Можно, разумеется, от основных размеров обратиться к другим,— например, у французов к нечетным, у нас к трёхдольным, — но приедаются они еще скорее, и возможности их от природы ограничены. Можно придумать новые размеры или комбинации размеров в пределах данного стихосложения, но и тут возможности не безграничны и выдумки хватит не навсегда. Можно пытаться, наконец, поскольку это позволяет язык, отойти от самого стихосложения, к которому, казалось, он обязывал до той поры, и обратиться к тому, что французы назвали свободным стихом или, при гораздо большей врожденной свободе, вытекающей из строения русского (как и немецкого) языка, к подражанию античным размерам, к нашему «паузнику», т. е. тоническому стиху, считающему только ударения, а не слоги; или еще к силлабическому, кантемировскому стиху; надобно удивляться, что у нас никто не бросил еще на игорный стол этот последний козырь стихотворца.
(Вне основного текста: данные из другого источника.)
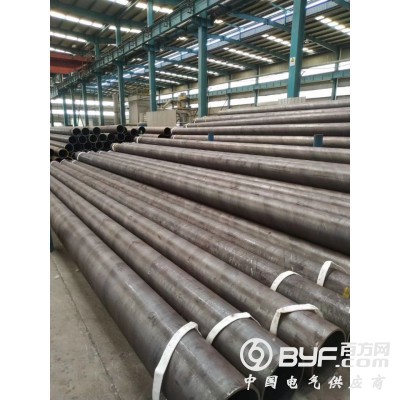 60万机组用合金钢管 ，高压锅炉管图4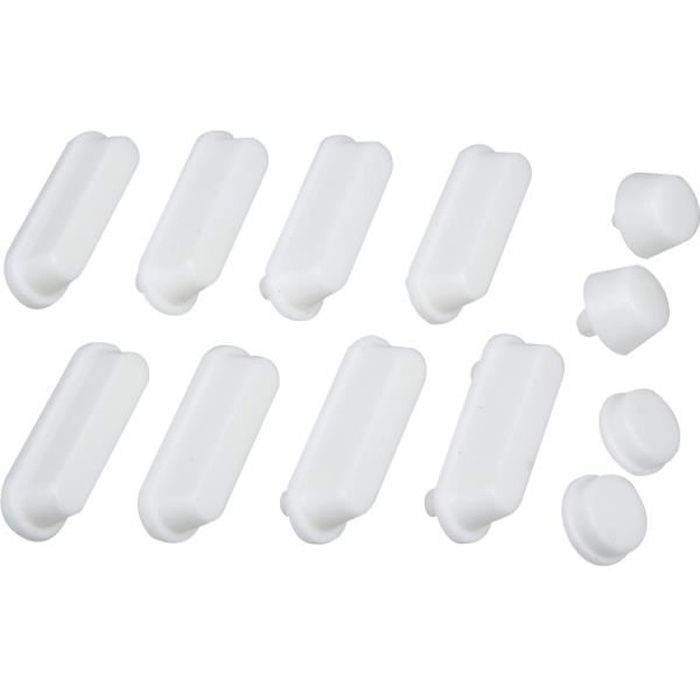 Patin Abattant WC Cdiscount Bricolage
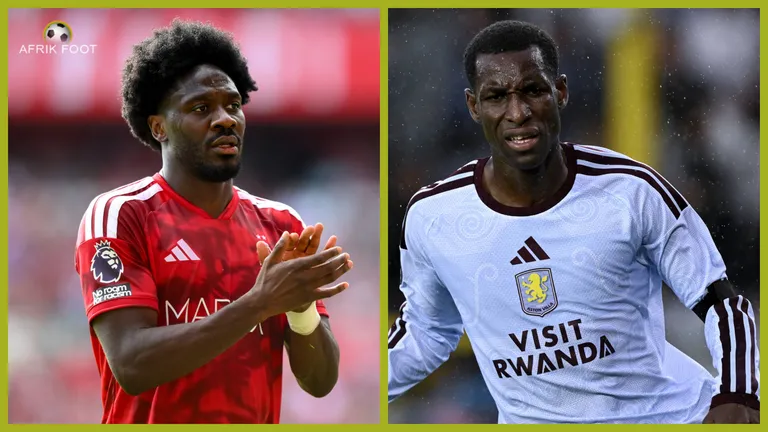 Aston Villa vs Nottingham Forest: Ola Aina eyes first win &mdash; Preview, team news, tips & H2H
Если последовательное обновление стиха не удалось, приходится творчески коверкать, выразительно ломать его готовые, многократно использованные формы. Это делали во Франции Лафарг и Верлен, а в России всех глубже, всех острее — Анненский. Если больше нельзя ни вывихнуть, ни переделать стих, остается переплавить его в прозу. Недаром «стихотворение в прозе» — создание девятнадцатого века, как и то особое, по существу поэтическое, введение прозаизмов в стих, на котором основана, например, поэзия Броунинга. Многие виды свободного стиха остаются более жестко, чем обычно, ритмизированной прозой (таковы ораторские восклицания Уитмэна), и самая могущественная попытка, та, что совершена Клоделем, — вырвать у прозы новый, живой и животворный стих, — окончилась только личной победой и не допускает подражания.
На собственно поэтическую прозу никаких особых надежд возлагать нельзя; удачи Бодлера, Рембо, очень немногих других — исключения и чудеса, а провал Тургенева вполне закономерен. Самая возможность стихотворения в прозе возникает лишь при таком состоянии литературного языка, какое для России, например, еще не наступило и которое особенно опасно для поэзии. И все-таки огромный успех Тагора накануне войны объясняется только тем, что он стал известен в прозаическом английском переводе; стихотворец Тагор такого успеха никогда бы не имел. Стихи утомляют, стихи надоели, стихами никого не удивишь, стихов никому не нужно, «on a touche au vers». Малларме был прав, когда этими испуганными словами начинал больше сорока лет тому назад свою оксфордскую лекцию. С тех пор как стих стал осознан как орудие, которым лишь «пользуется» поэт, явилось искушение и возможность обойтись без этого орудия. Уже сто лет назад Шелли видел, что «каждый великий поэт должен неизбежно обновлять стихосложение своих предшественников». Именно это знание поэта о стихе, это противопоставление ему себя принесло огромный вред и стиху, и самому поэту. Это не значит, конечно, что от этого знания можно отречься, объявить его несуществующим. Утрата стиха есть утрата стиля, и как раз утраченный стиль мы начинаем отвлеченно понимать и «применять». Вся судорожная работа над стихом, предсказанная фразой Шелли, была как бы бегством от его судьбы, бегством, которое лишь ускорило распад, переутончило стиховую ткань, отделило ее от жизни, от живого языка, от человека. Должно быть, верно сказал ирландский поэт Синг, что стих должен опуститься, огрубеть, для того чтобы снова сделаться человечным: «before verse can be human again, it must learn to be brutal». Но это уже не дело одного стиха. В этих словах затронута судьба поэзии уже независимо от того, пользуется ли она прозой или стихами, связана ли с какими-либо средствами, завещанными ей преданием, или, худо ли, хорошо ли, умеет обойтись без них.
«Поэзия есть Бог в святых мечтах земли». — «Это чтобы стих-с, то это существенный вздор-с. Рассудите сами, кто же на свете в рифму говорит?» Так размечтавшемуся Жуковскому, во всеоружии здравого смысла, отвечает Смердяков. Нельзя отказать Смердякову в одном преимуществе: упоминая о рифме и стихе, он тем самым связывает поэзию с воплощением ее в слове, тогда как в прекрасном по замыслу своему определении Жуковского поэзия испаряется в мечту и грозит превратиться в поэтическую мечтательность. Романтики, особенно того направления, к которому примыкал Жуковский, слишком легко подменяли поэзию порывом к ней и предпочитали «туманный идеал» осуществленному искусству. Против этой подмены, приведшей в конце концов к насаждению ложной поэтичности, к тому, что Флобер называл «pouaisie», возражать законно. Остается, однако, бесконечно более важное разделение времен и, быть может, раздвоение человечества: там, где Жуковский видит Бога, Смердяков усматривает вздор.